## Data section
++++++++++
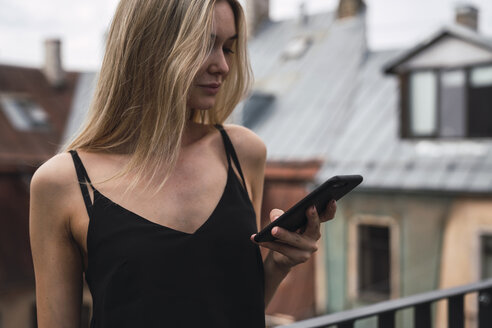 Blonde Frau auf dem Balkon schaut auf ihr Handy - KKAF02622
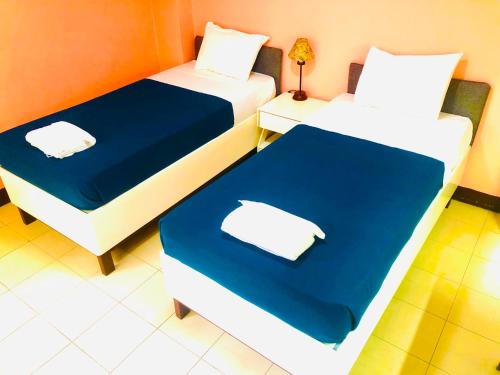 two beds in a room with blue and white at Benson Hotel San Juan CIty in Manila
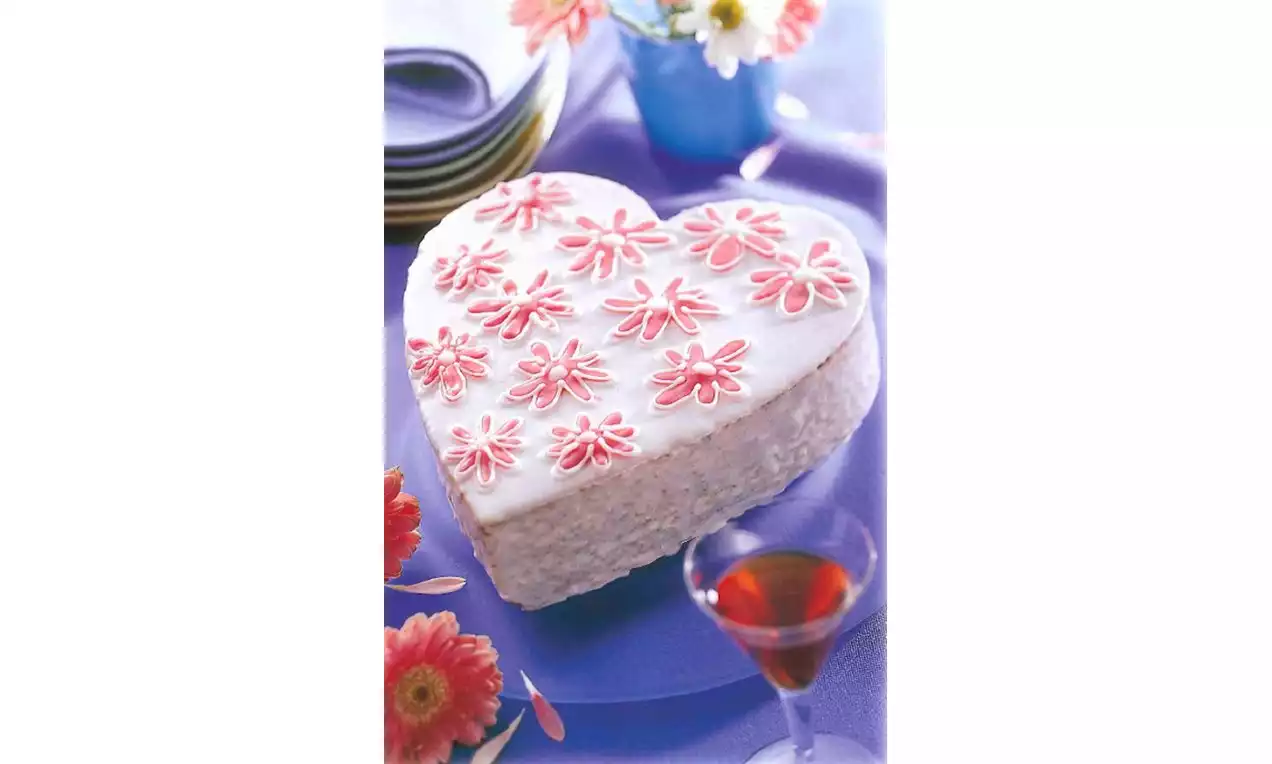 Gâteau en forme de cœur recouvert de glaçage blanc décoré de fleurs roses délicates sur une table violette avec fleurs et verre de liqueur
++++++++++
## Your objective
In your copy, omit the pictures and restate every line of the data word for word.

## Problem solution
 Blonde Frau auf dem Balkon schaut auf ihr Handy - KKAF02622
 two beds in a room with blue and white at Benson Hotel San Juan CIty in Manila
 Gâteau en forme de cœur recouvert de glaçage blanc décoré de fleurs roses délicates sur une table violette avec fleurs et verre de liqueur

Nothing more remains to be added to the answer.